August 16th marked the debut of the new exhibition, Steeped in History: The Art of Tea, at UCLA’s renowned Fowler Museum. Taking a journey through time and around the world, this unique collection features paintings, artifacts, writing, and photographs depicting tea’s history in the global society. Today more people drink tea than any other beverage other than water, and nearly three billion cups of tea are consumed every day the world over. Arranged in four sections, the exhibition takes onlookers from the far East to the near West depicting tea’s importance in health, culture, society, war, and spirituality.
After an introduction to tea varieties, cultivation, and production, the exhibition takes us to China, The Cradle of Tea Culture, and explores the drink’s mythic origins in Southern China. The ancient Chinese artisans created the most innovative and widely varied teas, and this section of the exhibition includes beautiful porcelain tea bowls dating from the 8th through the 13th centuries, scrolls and watercolors illustrating the Chinese tea trade and culture, and even photographic prints depicting tea-making in Peking.

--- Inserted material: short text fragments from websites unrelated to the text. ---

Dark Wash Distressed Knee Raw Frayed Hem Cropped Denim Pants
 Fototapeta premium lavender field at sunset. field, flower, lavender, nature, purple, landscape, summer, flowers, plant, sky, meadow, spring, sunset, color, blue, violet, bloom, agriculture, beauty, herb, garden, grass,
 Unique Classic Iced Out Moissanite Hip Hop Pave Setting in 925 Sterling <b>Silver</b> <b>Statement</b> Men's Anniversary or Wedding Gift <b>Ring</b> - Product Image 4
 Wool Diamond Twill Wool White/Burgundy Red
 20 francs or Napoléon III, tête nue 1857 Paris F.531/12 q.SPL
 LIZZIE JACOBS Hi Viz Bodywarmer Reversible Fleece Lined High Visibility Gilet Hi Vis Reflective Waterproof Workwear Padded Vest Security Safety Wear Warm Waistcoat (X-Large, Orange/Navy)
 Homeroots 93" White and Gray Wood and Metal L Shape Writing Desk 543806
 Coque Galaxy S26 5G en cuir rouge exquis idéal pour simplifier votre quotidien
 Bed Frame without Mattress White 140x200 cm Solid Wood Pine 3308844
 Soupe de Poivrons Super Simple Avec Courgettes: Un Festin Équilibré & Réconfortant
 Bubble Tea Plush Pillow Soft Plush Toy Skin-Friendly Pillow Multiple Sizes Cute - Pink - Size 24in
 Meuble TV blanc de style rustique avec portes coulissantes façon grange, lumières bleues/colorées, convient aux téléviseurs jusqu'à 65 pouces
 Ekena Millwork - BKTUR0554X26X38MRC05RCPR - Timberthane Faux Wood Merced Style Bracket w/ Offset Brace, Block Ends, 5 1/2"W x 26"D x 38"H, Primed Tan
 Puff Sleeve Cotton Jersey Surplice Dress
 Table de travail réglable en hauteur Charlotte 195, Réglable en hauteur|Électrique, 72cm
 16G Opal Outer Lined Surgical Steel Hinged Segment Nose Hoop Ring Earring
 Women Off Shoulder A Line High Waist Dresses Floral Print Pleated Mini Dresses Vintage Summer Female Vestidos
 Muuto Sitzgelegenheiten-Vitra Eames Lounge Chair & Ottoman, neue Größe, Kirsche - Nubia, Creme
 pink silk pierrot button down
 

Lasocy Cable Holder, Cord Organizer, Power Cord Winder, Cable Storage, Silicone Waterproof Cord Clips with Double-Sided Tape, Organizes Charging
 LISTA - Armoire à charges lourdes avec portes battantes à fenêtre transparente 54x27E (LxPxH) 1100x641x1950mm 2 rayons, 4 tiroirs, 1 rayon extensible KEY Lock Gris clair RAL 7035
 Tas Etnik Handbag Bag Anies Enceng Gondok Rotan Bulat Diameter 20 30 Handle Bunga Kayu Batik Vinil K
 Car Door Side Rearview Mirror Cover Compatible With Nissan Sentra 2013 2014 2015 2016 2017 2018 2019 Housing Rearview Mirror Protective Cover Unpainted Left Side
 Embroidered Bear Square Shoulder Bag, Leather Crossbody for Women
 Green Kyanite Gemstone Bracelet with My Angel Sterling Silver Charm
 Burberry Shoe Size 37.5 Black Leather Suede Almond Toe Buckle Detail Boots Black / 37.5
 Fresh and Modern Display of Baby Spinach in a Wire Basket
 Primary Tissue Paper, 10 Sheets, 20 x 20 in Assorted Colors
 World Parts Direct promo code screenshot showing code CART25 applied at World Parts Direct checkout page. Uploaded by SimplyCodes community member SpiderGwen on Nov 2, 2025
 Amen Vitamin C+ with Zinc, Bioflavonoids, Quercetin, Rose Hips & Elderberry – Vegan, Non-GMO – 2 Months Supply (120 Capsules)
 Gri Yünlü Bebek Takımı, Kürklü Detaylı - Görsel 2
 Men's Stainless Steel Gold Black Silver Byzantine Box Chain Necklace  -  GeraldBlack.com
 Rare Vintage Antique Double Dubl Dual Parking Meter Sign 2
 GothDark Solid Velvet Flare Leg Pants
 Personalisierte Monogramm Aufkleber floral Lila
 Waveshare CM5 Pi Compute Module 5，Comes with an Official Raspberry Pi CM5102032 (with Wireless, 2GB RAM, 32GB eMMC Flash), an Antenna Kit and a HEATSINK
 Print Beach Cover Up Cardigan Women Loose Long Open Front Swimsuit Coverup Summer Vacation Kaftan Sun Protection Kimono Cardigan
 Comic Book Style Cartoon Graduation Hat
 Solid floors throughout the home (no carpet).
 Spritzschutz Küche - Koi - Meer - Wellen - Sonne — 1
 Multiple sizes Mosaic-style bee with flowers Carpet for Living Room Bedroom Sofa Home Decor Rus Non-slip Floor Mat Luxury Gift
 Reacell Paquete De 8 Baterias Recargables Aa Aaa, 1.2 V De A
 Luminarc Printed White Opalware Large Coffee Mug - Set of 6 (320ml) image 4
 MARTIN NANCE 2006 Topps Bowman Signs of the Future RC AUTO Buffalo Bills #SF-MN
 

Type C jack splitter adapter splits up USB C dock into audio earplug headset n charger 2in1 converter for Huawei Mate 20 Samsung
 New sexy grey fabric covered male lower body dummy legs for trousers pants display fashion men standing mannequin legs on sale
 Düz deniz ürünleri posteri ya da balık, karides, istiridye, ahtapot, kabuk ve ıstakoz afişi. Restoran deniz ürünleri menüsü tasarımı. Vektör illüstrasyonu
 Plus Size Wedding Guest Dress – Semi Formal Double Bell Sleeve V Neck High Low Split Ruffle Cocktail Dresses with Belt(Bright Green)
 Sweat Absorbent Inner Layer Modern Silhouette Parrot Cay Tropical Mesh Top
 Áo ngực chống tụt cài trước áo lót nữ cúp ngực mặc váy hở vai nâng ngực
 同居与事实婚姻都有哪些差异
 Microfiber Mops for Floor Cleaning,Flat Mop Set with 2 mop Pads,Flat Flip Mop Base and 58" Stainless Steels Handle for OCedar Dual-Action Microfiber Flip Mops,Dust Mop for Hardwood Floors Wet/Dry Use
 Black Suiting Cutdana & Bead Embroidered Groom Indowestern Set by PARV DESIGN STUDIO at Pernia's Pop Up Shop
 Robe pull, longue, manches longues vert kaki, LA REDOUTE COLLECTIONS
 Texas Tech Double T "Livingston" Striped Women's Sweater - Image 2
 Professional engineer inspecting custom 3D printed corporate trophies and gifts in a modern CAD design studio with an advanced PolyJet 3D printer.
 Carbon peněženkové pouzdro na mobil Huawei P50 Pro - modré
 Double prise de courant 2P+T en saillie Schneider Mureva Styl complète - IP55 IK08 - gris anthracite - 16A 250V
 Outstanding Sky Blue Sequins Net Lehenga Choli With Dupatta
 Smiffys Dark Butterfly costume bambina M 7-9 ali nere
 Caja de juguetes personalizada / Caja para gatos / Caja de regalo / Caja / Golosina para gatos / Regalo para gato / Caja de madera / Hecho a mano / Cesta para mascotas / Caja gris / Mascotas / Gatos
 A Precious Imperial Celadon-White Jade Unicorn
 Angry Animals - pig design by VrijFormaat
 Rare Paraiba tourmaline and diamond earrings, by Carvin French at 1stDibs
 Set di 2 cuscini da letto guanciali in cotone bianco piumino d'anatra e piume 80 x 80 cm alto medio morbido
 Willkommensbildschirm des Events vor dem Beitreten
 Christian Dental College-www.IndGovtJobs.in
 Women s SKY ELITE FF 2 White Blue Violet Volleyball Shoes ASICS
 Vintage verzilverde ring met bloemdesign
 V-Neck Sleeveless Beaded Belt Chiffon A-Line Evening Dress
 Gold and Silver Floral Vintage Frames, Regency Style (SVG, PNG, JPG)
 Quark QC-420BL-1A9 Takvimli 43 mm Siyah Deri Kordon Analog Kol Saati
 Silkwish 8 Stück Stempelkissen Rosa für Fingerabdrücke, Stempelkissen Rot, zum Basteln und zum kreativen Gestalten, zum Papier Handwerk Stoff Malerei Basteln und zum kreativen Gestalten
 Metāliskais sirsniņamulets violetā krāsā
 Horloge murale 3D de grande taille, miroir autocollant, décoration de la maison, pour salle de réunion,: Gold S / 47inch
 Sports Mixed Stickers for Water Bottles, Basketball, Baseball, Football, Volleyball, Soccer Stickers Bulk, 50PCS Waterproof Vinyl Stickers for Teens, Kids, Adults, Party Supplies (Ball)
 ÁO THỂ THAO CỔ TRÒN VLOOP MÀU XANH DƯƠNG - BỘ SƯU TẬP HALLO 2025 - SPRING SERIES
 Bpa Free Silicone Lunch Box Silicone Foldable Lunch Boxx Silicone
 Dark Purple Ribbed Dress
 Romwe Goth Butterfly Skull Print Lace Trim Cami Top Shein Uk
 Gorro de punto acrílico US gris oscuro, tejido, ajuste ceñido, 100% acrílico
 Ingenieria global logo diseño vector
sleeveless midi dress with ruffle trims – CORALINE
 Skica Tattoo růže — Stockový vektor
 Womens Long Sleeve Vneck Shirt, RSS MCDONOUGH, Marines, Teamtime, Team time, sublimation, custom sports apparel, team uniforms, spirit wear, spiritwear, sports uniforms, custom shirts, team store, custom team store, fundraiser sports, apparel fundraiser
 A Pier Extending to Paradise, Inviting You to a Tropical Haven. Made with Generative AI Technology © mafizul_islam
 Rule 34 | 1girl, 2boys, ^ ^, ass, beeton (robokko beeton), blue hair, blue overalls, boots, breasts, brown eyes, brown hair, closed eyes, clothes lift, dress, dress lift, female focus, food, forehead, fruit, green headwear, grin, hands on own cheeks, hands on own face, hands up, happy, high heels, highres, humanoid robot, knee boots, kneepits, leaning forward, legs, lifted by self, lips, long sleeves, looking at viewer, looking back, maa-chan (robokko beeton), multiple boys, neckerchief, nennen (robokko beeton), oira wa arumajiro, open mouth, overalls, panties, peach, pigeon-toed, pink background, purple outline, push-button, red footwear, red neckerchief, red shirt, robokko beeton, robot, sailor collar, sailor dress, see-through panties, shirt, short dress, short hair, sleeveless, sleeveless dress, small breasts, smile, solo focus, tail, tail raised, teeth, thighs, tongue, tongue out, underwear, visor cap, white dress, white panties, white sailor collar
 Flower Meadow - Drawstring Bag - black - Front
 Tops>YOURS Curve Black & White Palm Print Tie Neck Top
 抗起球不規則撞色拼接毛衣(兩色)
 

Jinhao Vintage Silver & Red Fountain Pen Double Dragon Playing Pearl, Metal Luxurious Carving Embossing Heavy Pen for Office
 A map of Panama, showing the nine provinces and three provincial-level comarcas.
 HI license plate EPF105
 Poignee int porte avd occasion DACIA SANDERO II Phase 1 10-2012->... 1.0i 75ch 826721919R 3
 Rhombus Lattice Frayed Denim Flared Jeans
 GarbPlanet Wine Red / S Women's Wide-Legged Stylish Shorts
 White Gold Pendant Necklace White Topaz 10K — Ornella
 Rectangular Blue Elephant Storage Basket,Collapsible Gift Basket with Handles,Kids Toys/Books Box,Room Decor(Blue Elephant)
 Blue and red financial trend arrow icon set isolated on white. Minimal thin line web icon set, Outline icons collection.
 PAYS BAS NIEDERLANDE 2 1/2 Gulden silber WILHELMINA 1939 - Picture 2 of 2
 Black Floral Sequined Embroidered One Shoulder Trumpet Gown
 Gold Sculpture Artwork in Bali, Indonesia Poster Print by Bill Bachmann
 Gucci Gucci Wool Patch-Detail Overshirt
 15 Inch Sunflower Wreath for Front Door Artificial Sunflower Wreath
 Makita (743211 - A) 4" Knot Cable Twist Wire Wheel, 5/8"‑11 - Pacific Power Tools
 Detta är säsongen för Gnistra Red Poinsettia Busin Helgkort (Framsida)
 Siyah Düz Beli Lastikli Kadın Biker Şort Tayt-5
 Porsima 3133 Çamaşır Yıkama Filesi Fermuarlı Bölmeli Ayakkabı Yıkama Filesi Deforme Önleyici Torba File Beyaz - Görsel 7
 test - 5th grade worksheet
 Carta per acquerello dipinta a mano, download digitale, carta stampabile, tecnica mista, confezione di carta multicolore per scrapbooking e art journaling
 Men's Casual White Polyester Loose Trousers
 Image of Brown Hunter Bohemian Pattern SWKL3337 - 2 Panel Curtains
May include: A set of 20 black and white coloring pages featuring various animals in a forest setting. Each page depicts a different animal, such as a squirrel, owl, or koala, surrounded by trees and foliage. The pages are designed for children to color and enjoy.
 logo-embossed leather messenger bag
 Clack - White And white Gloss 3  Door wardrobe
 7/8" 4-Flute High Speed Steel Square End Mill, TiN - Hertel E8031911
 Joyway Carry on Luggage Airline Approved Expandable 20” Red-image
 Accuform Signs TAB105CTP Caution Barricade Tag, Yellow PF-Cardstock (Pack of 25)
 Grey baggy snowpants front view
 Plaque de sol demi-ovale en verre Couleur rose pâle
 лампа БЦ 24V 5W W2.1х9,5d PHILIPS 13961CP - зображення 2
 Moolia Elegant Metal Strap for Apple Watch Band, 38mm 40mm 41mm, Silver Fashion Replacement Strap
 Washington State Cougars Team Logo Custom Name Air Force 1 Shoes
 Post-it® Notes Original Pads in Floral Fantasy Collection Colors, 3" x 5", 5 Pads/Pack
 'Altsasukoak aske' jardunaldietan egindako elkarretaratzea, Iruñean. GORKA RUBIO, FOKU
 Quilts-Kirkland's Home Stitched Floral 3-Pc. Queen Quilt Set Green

Be sure to see the lavishly painted portrait of Shen Nong, the legendary inventor of tea, in this section of the exhibition.
Next spectators travel to Japan, in Chado, The Way of Tea in Japan, where tea was first introduced along with Buddhism between 794 and 1185 AD. This section details how important tea became to the Japanese culture, and how the famous Japanese Tea Ceremony came about. This area of the exhibition includes stoneware tea caddies, tea bowls, scrolls, and other tea-related artifacts from the 10th century all the way through the 20th century. Viewers definitely won’t be able to miss the brilliant bed cover decorated with images of tea utensils and other items, suggesting the importance of tea even in the personal lives of the Japanese.
Then, with Tea Craze in the West, the exhibition shows how tea made its way across the globe to become a staple in Western culture, and sometimes, conflict. This area will feature many early English tea cups, sets, and caddies, in addition to paintings and writings that reveal the status of tea in Europe during the 17th and 18th centuries. This was also the time that tea arrived in the American colonies, and this section boasts early American oil paintings showing the role of tea in colonial life and a large array of tea vessels including a silver sugar urn by Boston patriot and silversmith Paul Revere. The large piece on display is an impressive French tripod table, circa 1680, that was especially designed for afternoon tea.
Finally, in Tea and Empire, works are displayed that showcase tea as a global commodity at the height of the British Empire. Historical photographs depict tea parties in Calcutta and tea production in Darjeeling, and reveal the ongoing dialogues about tea in relation to politics, health, society, and agriculture today. A fun piece to see is the 1939 British advertisement stating “Tea Revives You”.
Steeped in History: The Art of Tea, is guest curated by Beatrice Hohenegger, author of Liquid Jade: The Story of Tea from East to West. The Fowler Museum in Westwood is open Wednesdays through Sundays from 12pm to 5pm with extended hours on Thursdays until 8pm. Located in the northern part of the UCLA campus, parking is available in Lot 4 at a maximum of $10. Admission is free so make sure to catch this eye-opening exhibit before it retires after November 29th.